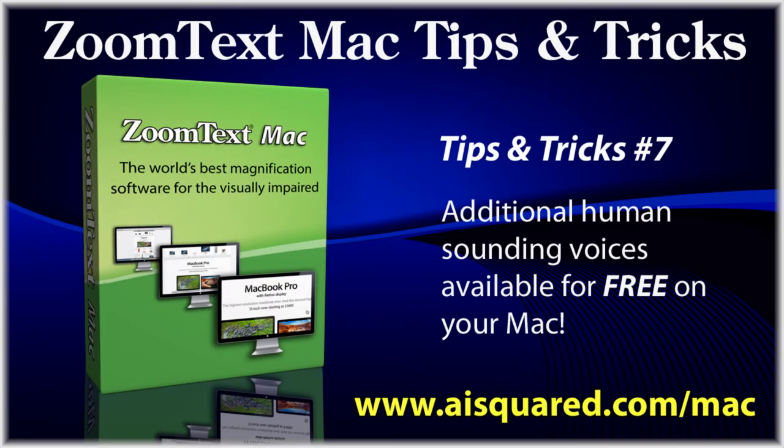Hello and welcome to this tips and tricks video for ZoomText Mac. Now that we have released speech features, you might be wondering what your voice options are.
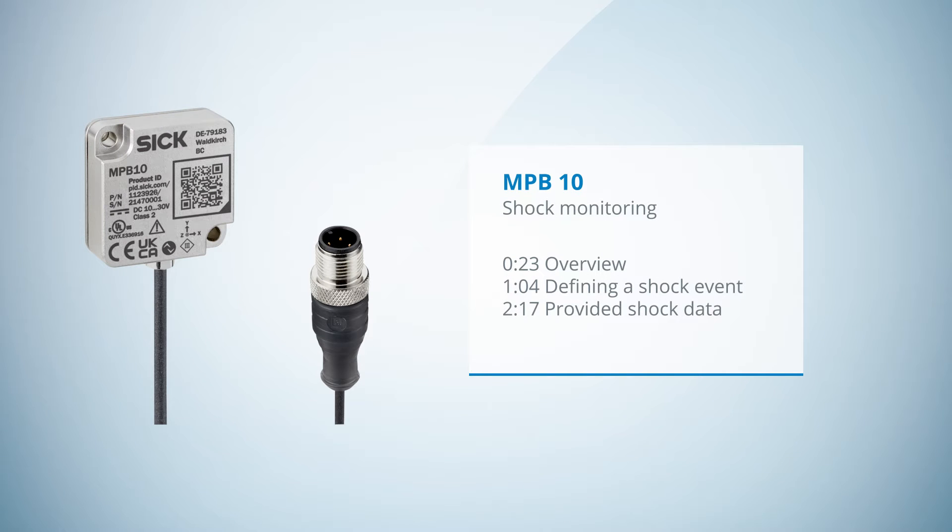Multiphysics Box 10 shock monitoring. Welcome to this tutorial. Within the next minutes, we will demonstrate shock monitoring with the Multiphysics Box 10.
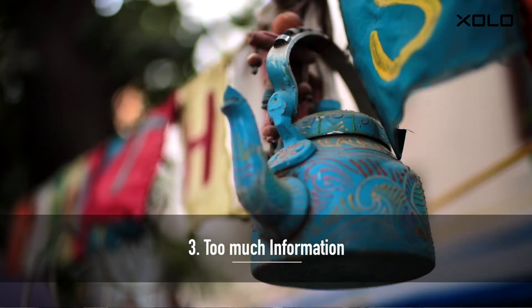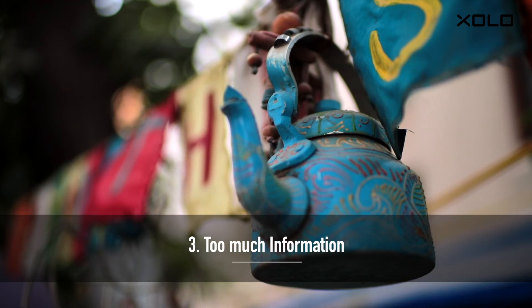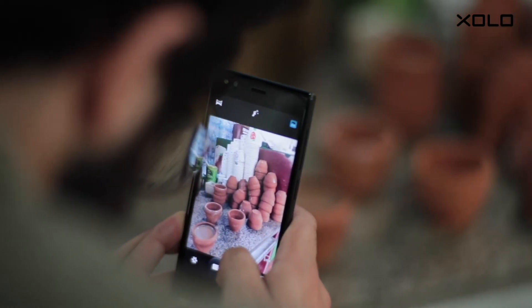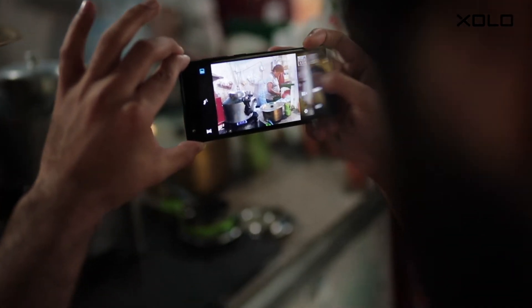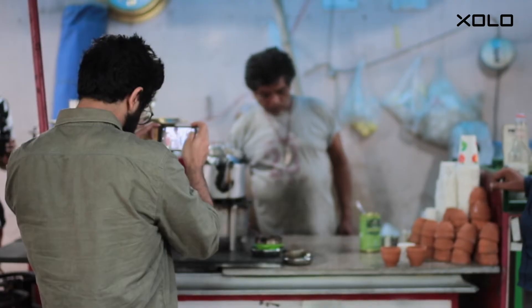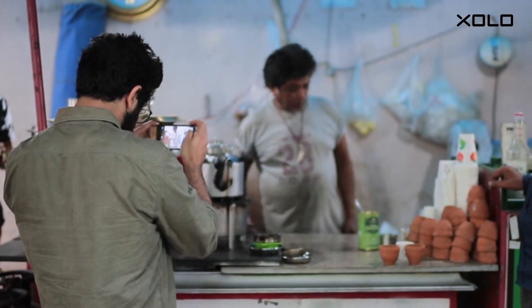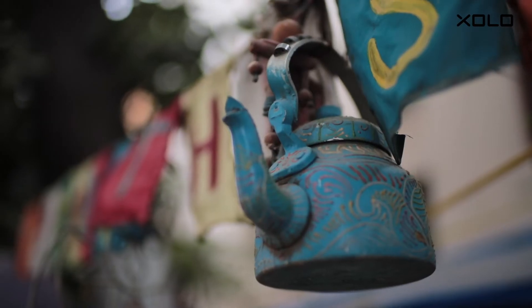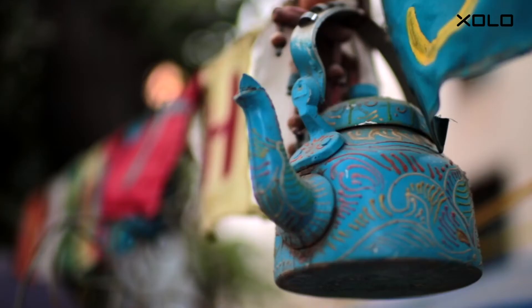Third, too much information. Including everything in your frame is a bad idea. You will never be able to say what you want to with your photograph. So crop out that extra information.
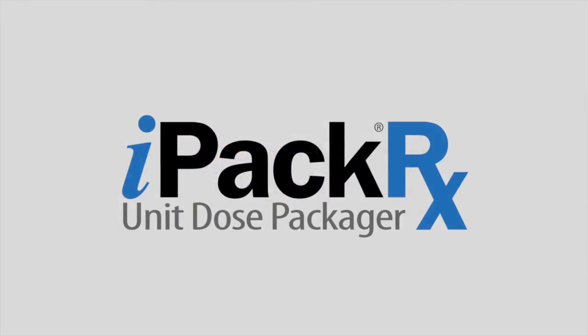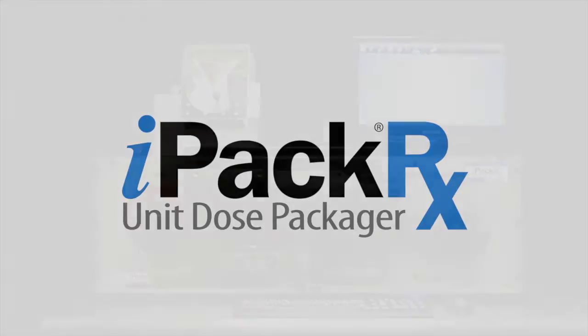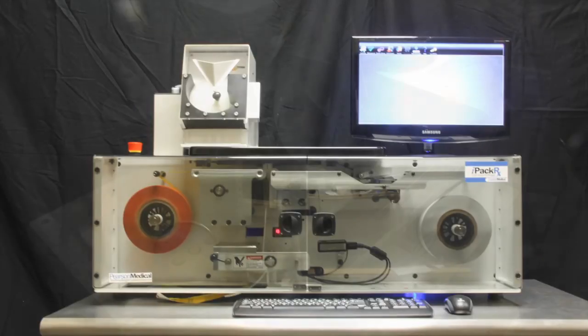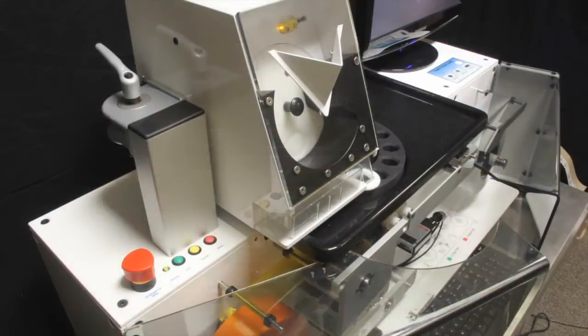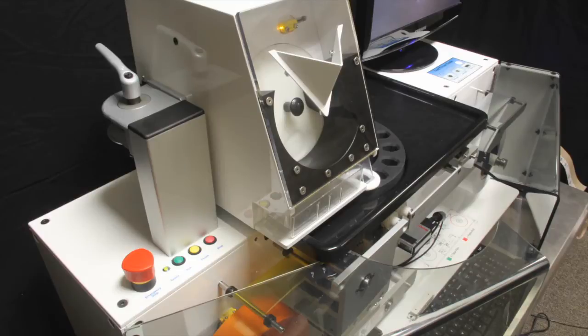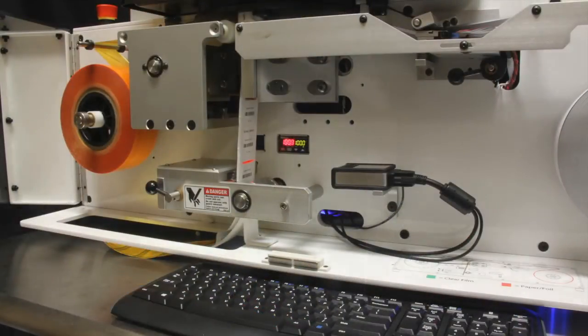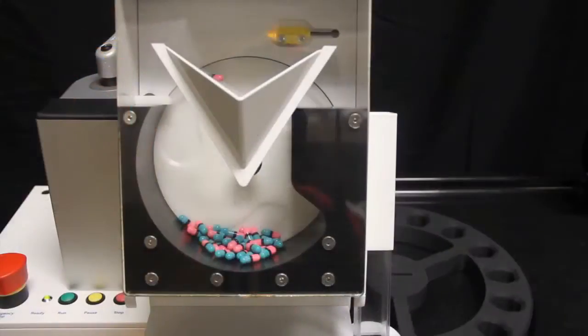Pearson Medical Technologies is proud to present the IPAC-RX Unit Dose Strip Packager. This tabletop system is designed to be a complete unit dose packaging system to help your hospital meet the new regulations from the Centers for Medicare and Medicaid Services that mandate barcoding as a component to achieve meaningful use of electronic records.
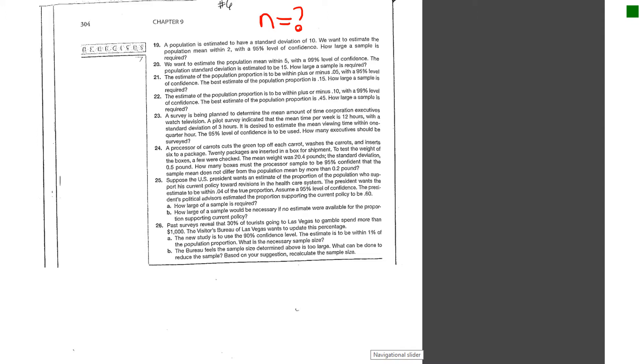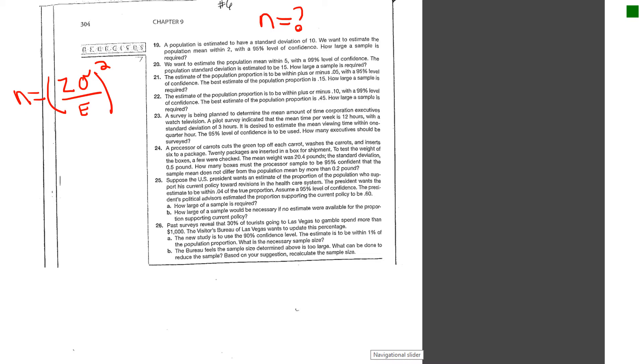At least one of the formulas they give you on how to calculate this sample size is n is equal to your z value times your sigma value divided by your margin of error squared. If you plug all that in, you can approximate a sample size.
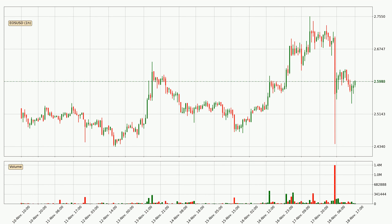Looking at the EOS hourly time frame, the price moved down around 3.6% in the last 24 hours, with a current price of 2.6. The volume was actually high, showing that this move was strong and the sellers are taking over.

■ **Exercise requirements**
Reproduce the data above line for line, excluding every picture.

■ **Task output**
Hello and welcome to this tips and tricks video for ZoomText Mac. Now that we have released speech features, you might be wondering what your voice options are.
Multiphysics Box 10 shock monitoring. Welcome to this tutorial. Within the next minutes, we will demonstrate shock monitoring with the Multiphysics Box 10.
Third, too much information. Including everything in your frame is a bad idea. You will never be able to say what you want to with your photograph. So crop out that extra information.
Pearson Medical Technologies is proud to present the IPAC-RX Unit Dose Strip Packager. This tabletop system is designed to be a complete unit dose packaging system to help your hospital meet the new regulations from the Centers for Medicare and Medicaid Services that mandate barcoding as a component to achieve meaningful use of electronic records.
At least one of the formulas they give you on how to calculate this sample size is n is equal to your z value times your sigma value divided by your margin of error squared. If you plug all that in, you can approximate a sample size.
Looking at the EOS hourly time frame, the price moved down around 3.6% in the last 24 hours, with a current price of 2.6. The volume was actually high, showing that this move was strong and the sellers are taking over.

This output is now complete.